[Given information — start]

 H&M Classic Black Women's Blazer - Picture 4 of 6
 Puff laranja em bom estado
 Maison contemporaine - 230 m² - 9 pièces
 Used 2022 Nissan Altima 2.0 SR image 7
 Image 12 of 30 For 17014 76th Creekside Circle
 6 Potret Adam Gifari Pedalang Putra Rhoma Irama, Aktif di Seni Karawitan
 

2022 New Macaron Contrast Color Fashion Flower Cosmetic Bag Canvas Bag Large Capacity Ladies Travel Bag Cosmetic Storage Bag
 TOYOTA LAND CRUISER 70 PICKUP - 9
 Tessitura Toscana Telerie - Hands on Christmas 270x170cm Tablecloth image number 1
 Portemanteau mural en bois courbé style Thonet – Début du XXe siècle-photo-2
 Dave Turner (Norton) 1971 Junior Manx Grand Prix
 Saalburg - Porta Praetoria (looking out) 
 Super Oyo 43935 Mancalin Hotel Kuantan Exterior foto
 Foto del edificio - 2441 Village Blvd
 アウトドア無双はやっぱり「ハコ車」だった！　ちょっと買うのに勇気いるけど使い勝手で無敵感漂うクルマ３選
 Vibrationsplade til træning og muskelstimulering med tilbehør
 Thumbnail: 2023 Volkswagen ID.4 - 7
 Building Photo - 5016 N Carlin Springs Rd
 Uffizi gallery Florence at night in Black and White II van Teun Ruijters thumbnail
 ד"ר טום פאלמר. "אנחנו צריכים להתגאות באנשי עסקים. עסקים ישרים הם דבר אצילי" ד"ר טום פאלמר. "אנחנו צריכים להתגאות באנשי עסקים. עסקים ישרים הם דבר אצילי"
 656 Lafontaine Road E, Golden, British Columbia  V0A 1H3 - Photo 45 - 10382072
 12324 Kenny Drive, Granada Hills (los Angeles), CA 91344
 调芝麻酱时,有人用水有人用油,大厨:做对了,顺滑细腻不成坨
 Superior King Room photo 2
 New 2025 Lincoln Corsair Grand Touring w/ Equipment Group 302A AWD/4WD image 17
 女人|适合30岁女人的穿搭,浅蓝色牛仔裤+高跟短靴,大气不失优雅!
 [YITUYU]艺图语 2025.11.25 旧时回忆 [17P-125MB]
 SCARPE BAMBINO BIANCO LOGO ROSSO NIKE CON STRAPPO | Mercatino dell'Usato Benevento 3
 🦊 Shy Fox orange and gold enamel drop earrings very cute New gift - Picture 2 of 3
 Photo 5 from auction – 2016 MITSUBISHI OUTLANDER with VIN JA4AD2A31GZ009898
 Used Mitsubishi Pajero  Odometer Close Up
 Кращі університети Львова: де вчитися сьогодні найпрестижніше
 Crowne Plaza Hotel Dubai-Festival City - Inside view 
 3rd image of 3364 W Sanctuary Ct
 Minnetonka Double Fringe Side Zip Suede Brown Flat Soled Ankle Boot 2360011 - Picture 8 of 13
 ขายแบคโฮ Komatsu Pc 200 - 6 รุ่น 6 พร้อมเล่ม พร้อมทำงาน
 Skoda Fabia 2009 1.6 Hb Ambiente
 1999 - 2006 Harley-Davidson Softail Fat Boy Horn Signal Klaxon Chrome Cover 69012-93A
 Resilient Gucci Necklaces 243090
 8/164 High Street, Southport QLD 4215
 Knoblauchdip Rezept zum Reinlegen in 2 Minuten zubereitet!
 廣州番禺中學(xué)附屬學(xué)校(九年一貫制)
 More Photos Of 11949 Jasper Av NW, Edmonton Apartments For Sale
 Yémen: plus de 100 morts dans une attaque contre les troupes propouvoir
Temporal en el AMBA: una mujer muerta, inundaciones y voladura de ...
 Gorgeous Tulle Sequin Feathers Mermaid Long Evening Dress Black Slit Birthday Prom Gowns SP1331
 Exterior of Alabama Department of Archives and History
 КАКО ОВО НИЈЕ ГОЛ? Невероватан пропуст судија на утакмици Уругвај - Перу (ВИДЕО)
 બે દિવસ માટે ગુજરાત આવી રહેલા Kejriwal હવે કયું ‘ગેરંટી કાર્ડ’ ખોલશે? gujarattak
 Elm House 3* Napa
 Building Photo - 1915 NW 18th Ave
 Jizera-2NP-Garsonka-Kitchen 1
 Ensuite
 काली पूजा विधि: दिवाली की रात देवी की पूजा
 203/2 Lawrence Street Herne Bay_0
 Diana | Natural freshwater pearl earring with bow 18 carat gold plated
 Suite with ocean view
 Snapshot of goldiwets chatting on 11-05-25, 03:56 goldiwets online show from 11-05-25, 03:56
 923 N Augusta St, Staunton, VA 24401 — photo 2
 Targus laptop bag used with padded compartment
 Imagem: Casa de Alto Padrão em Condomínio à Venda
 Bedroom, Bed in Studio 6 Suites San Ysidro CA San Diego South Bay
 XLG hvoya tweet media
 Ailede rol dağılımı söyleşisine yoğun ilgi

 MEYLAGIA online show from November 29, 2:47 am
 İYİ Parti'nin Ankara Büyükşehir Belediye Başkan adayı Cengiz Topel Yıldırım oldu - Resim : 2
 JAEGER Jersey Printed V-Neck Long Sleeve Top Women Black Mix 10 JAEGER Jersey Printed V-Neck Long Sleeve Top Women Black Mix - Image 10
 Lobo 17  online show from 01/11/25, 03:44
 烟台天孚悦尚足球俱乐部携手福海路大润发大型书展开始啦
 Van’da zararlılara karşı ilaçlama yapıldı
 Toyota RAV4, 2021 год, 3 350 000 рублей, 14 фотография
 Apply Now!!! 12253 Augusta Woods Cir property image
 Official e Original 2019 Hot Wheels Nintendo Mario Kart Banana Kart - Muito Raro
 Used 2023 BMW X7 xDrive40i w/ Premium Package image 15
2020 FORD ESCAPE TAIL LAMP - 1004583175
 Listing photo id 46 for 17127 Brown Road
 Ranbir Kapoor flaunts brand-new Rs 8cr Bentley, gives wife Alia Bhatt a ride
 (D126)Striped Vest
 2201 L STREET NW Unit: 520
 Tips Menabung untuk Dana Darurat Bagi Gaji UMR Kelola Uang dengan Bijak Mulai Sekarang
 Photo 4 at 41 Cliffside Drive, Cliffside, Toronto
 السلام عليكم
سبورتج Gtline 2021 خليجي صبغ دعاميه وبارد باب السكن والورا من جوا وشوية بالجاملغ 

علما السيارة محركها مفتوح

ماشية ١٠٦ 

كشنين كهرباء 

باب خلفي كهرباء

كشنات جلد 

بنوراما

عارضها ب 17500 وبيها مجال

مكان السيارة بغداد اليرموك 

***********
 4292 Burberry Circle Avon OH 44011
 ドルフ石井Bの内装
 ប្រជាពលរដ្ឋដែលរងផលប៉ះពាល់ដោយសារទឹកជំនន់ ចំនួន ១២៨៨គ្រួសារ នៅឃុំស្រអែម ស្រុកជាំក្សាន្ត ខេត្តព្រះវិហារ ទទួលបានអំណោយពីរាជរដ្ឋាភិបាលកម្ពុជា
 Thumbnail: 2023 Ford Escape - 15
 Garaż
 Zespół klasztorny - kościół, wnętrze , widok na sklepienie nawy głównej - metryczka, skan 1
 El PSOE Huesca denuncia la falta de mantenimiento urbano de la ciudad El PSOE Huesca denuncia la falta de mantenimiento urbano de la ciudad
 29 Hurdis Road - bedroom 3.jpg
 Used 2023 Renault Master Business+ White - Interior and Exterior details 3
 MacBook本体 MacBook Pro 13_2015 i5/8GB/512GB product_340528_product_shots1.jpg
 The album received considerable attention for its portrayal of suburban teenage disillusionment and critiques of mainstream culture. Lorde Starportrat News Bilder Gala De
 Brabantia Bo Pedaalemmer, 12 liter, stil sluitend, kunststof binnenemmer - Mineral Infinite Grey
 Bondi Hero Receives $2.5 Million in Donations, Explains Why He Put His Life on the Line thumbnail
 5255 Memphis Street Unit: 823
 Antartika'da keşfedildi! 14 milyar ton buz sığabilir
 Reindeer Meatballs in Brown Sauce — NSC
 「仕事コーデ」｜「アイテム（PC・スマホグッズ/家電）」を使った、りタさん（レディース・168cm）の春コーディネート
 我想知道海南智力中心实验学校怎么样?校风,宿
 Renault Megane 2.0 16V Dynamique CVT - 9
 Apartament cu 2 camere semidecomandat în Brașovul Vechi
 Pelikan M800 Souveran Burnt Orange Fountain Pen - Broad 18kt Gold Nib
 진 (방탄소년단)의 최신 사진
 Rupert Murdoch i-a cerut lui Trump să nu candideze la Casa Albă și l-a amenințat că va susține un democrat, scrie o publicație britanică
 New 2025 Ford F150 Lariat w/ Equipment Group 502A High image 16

[Given information — finish]

• **Task prompt**
With the line holding "New 2025 Lincoln" as the first and the line holding "Picture 2 of 3" as the last, set down that range of the entries above exactly, and nothing else.

• **Answer space**
 New 2025 Lincoln Corsair Grand Touring w/ Equipment Group 302A AWD/4WD image 17
 女人|适合30岁女人的穿搭,浅蓝色牛仔裤+高跟短靴,大气不失优雅!
 [YITUYU]艺图语 2025.11.25 旧时回忆 [17P-125MB]
 SCARPE BAMBINO BIANCO LOGO ROSSO NIKE CON STRAPPO | Mercatino dell'Usato Benevento 3
 🦊 Shy Fox orange and gold enamel drop earrings very cute New gift - Picture 2 of 3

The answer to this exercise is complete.